CATERINA, moglie di Andrea

ATTO UNICO

In scena c’è Andrea che sta parlando a telefono con Antonio. Antonio ha rimorchiato due ragazze che sono disposte ad uscire con loro e dà appuntamento ad Andrea a casa sua. Andrea riattacca il telefono. Entra la moglie.

CATERINA - Caro sei pronto, dobbiamo andare a teatro.

ANDREA - A teatro? Ma non è possibile! Me ne sono dimenticato.

CATERINA - Ma come io due settimane fa ho comprato i biglietti per la prima alla Scala, e tu te ne dimentichi?

ANDREA - E che ci posso fare, amoruccio mio, mi sono proprio dimenticato… ormai!

CATERINA - Comunque non è tardi, se ti vesti ce la facciamo abbondantemente.

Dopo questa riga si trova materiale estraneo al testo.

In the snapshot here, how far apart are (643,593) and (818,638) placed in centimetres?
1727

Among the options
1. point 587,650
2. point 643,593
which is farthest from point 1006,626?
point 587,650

ANDREA - Sì, ma non ci posso venire.

CATERINA - E perché?

ANDREA - Perché… mi sono dimenticato… sì, di prendere lo smoking in lavanderia, e non vorrai che vada alla scala come uno straccione!

CATERINA - Amoruccio mio, la tua mogliettina sai cosa ha fatto sta mattina? È andata a fare la spesa, è passata in lavanderia e ha ritirato il tuo smoking.

ANDREA - E se lo hai ritirato… ah, ecco, non possiamo andare perché… ho la macchina dal meccanico.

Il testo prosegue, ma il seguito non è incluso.